Knowledge v/s ignorance

"The greatest obstacle to discovery is not ignorance - it is the illusion of knowledge."

Daniel J. Boorstin (1914 - )

I would say obstacles are lack of optimism, demotivating people around you, nay-sayers and what not. Overcoming all this to discover something lasting can feel so difficult that you would think all that there is to discover has already been discovered and nothing is left.

First and foremost and most irritating obstacle I can think of is people saying 'it won't work.' This is just intolerable when they say it when there are no better ideas from anyone. They just do not want to go with your idea so they try their best to demotivate you. Other people who also take comfort in status quo join them and there you have formidable obstacle to overcome before you can even start discovering something. So much energy is wasted in overcoming such attitudes that there is hardly anything left for discovery.

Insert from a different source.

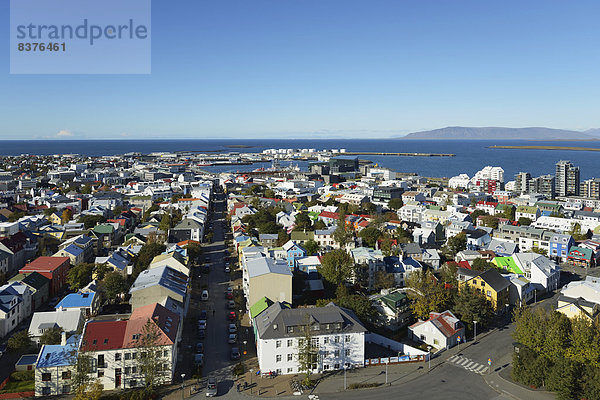 Reykjavik Hauptstadt über Ansicht Island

Management gurus warn against having all yes sayers. That is true. But, to have a devil's advocate just for the sake of it is worse than any kind of torture you can imagine. Dream team to work with is a bunch of smart, opinionated and independent thinkers. Who understand the meaning of making some decision in a given time with the best information at hand and then putting their best to see if it works. If it does not work, we will have learnt one way that does not work. There are only so many more ways and one of them is bound to work. We pick ourselves up and move on try to next alternative with renewed enthusiasm.

Sometimes it is hard to make people see your way of doing things. This is especially true when they have another way to do things. In such cases, it makes sense to let the person try his or her way and then discover for themselves if that works. It may seem to be an extra step and time consuming. But, it will go a long way in securing their buy in next time without much opposition. They will have respect for your insight and appreciation for your letting them try their way.

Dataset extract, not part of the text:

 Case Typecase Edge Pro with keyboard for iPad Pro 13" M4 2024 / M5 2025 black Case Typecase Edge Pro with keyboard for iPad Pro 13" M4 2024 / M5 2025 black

However, we have to be very careful when we let people to purse their way over what we would have liked them to do. You have to have an informal contract about how long you are going to allow the person to try their way of doing something, what will be the success criteria and how and when do you revisit to review. If you come to a common understanding on all this, it won't be too hard to bring them back to your track later on. It is certainly a challenge to dissuade people when they say "I am 90% complete". Last 10% takes another 300% of the time already spent. One way to retort is to ask how many more days they will need for next review. This is a very reasonable question. If you are 90% complete, I think you should have a very good sense of how much more time you need for remaining 10%. This will make people rethink how far they have progressed. If they tell some very high number, you can say tell that what they would need is far more than what can be allowed per your original discussion and it is time to move on. If they need only a small amount of additional time, it is fine to allow that.

Bottom line is you want people to want to follow you. You can not force them. In order to do that, you have to give them ample room to experiment and see things for themselves. If not, they may follow you but you will never be able to lead. With flat organizations with loose hierarchy we have to pay this price to foster team work. Command and control style of leadership does not work in new product development and it is not good either.